Partai Garuda Singgung Maling Teriak Maling Soal Presidential Threshold
Wakil Ketua Umum Garuda Teddy Gusnaidi berkomentar mengenai presidential threshold (PT) telah diputuskan MK. Ia menyinggung pihak yang tolak PT.
TRIBUNJAKARTA.COM, JAKARTA - Wakil Ketua Umum Partai Garuda Teddy Gusnaidi berkomentar mengenai presidential threshold (PT) telah diputuskan Mahkamah Konstitusi (MK).
Diketahui, Majelis Hakim Mahkamah Konstitusi (MK) menolak gugatan terhadap presidential threshold atau syarat ambang batas pencalonan presiden dalam UU Nomor 7 Tahun 2017 tentang Pemilu.
"Dulu, atas nama rakyat, mereka membuat, menyetujui dan mendukungpresidential threshold . Sekarang, atas nama rakyat, mereka mendadak anti presidential threshold " kata Teddy dalam keterangan tertulis, Selasa (12/7/2022).
"Jadi sebenarnya keinginan rakyat itu yang mana? Atau ini keinginan pribadi dengan mengatasnamakan rakyat? " tambahnya.
Teddy mengingatkan presidential threshold bukan barang haram.

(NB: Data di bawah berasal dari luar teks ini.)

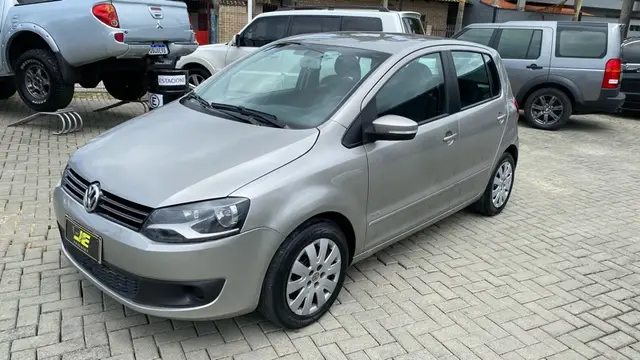 Carro Volkswagen Fox 2013 1.0 VHT (Flex) 2p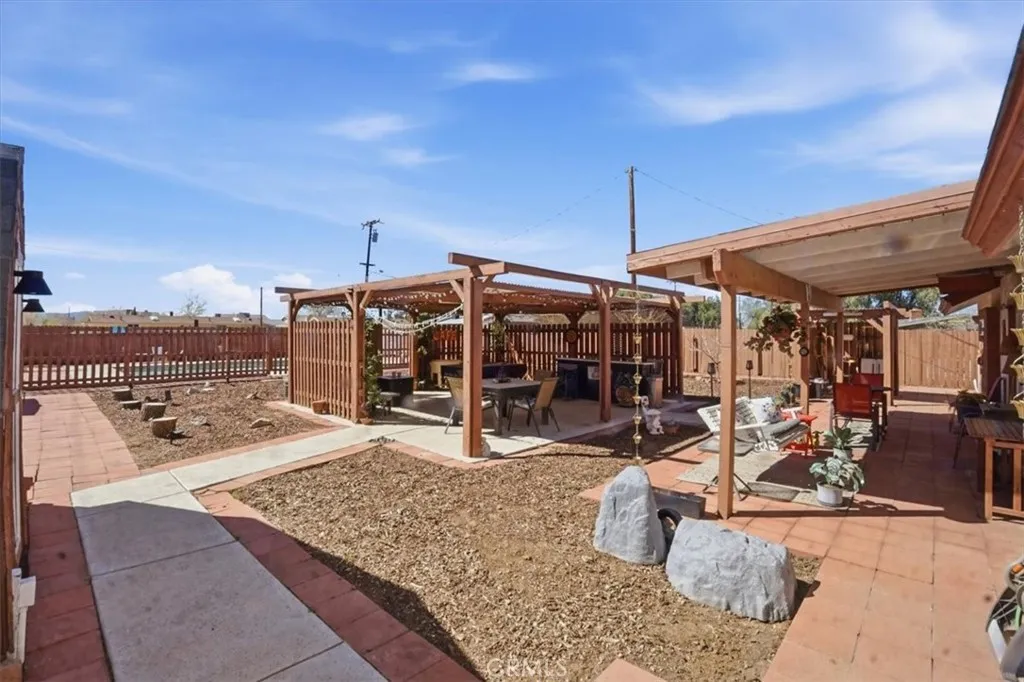 Additional image 109 of 21089 Ottawa Rd, Apple Valley, CA 92308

Baca juga: Susi Pudjiastuti Masuk Gelanggang Pilpres 2024: Didukung Kopisusi Lalu Protes Presidential Threshold
Sebab, kata Teddy, PT bukan dibuat oleh Mahkamah Konstitusi dan Presiden Joko Widodo. Tapi dibuat oleh kelompok yang sekarang ini mendadak menjadi pahlawan kesiangan.
"Mendadak menolak presidential threshold , menyalahkan MK, Jokowi dan Oligarki. Ini drama busuk yang sedang dipertontonkan," imbuhnya.

Teddy menuturkan trend menuduh keinginan kaum oligarki saat MK menolak penghapusan presidential threshold .
"Kalau begitu, karena mereka dulu yang menginginkan Presidential Threshold, karena mereka yang membuat dan menyetujui, artinya merekalah kaum oligarki. Jadi ibarat maling teriak maling," tuturnya.
Baca juga: Jadi Peserta Pemilu 2024, PBB Yakin Gugatan Presidential Threshold ke MK Tak Bakal Ditolak
Selain itu, Teddy mengatakan ada pihak yang mendadak seolah-olah pro rakyat dan menyalahkan MK karena gugatan mereka ditolak.
"Mereka yang lemah argumentasi dan tidak cerdas, lalu MK yang disalahkan. Ibarat orang yang tidak pandai menari, lalu lantai yang disalahkan. Inilah yang terjadi saat ini," jelasnya.
Ia pun mempersilahkan rakyat menilai sikap yang menyalahkan putusan MK soal presidential treshold.
"Jika mereka bisa khianati diri mereka sendiri, tentu untuk mengkhianati rakyat sangat mudah," tuturnya.
Sebelumnya dikutip Tribunnews.com, Ketua DPD RI AA LaNyalla Mahmud Mattalitti merespons soal gugatannya terhadap presidential threshold (PT) yang dinilai Mahkamah Konstitusi (MK) bahwa DPD RI tidak memiliki kedudukan hukum (legal standing) dalam perkara tersebut.
Menurut LaNyalla, hal itu adalah kemenangan sementara oligarki politik dan oligarki ekonomi yang menyandera dan mengatur negara ini.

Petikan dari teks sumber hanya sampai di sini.